The Cheka was headed by Feliks Dzerzhinskii, a Polish Bolshevik who devoted himself unstintingly to building the organization. Initially comprised entirely of Bolsheviks, the Collegium of the Cheka was reorganized in early January 1918 to include several Left Socialist Revolutionaries who continued to serve even after the withdrawal of their fellow party members from Sovnarkom in March. Among them was Viacheslav Aleksandrovich, who was intimately involved in the brief Left SR uprising in July 1918 during which Dzerzhinskii was placed under arrest.
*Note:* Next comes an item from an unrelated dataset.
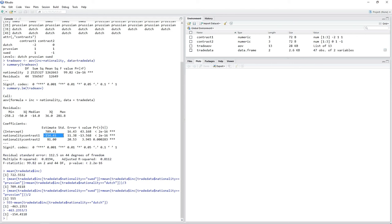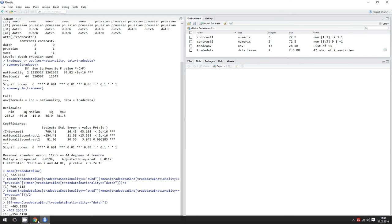We could do the same thing for contrast number two and end up with a statistically significant difference. This is basically all the magic behind doing planned contrasts.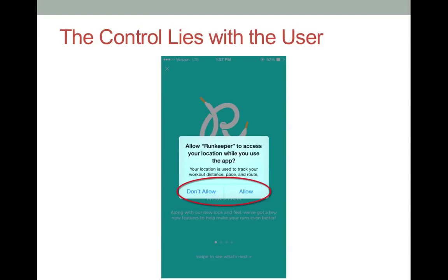Remember, you are in control. You have the ability to enable or disable location services at any time. Smartphones and apps cannot use location services without your permission. For example, RunKeeper must ask permission for access to your location before it uses it. The control stays with the user when it comes to location services on a smartphone.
Thereafter, Dzerzhinskii was loyally and ably assisted by Martyn Latsis and Iakov Peters (Latvians of farmer-laborer backgrounds), Jozef Unshlikht and Moisei Uritskii (both Jews), and the Russified Pole, Viacheslav Menzhinskii. All, with the exception of Uritskii, who fell to an assassin’s bullet in August 1918, and Menzhinskii, who succumbed to heart disease in 1934, were to be arrested and perish in Stalin’s purges of 1937-38.

With broad powers to investigate and nip in the bud counter-revolutionary plots, speculation and other serious crimes, the Cheka developed a justifiable reputation for ruthlessness. In September 1918, following Uritskii’s assassination and an attempt on Lenin’s life, Sovnarkom authorized the Cheka to step up its operations against counter-revolutionaries and class enemies. Reprisals were swift and extensive. In Petrograd alone, over five hundred executions were carried out. Official figures for 1918 of 6300 executions by the Cheka in twenty provinces are probably an understatement. Many thousands of others were incarcerated in political prisons and concentration camps. The “sword of the revolution” continued to be used unsparingly throughout and beyond the civil war. The disproportionate number of Jews and the presence of women in the Cheka fed anti-semitic and misogynist attitudes among the enemies of Bolshevism and the Soviet government.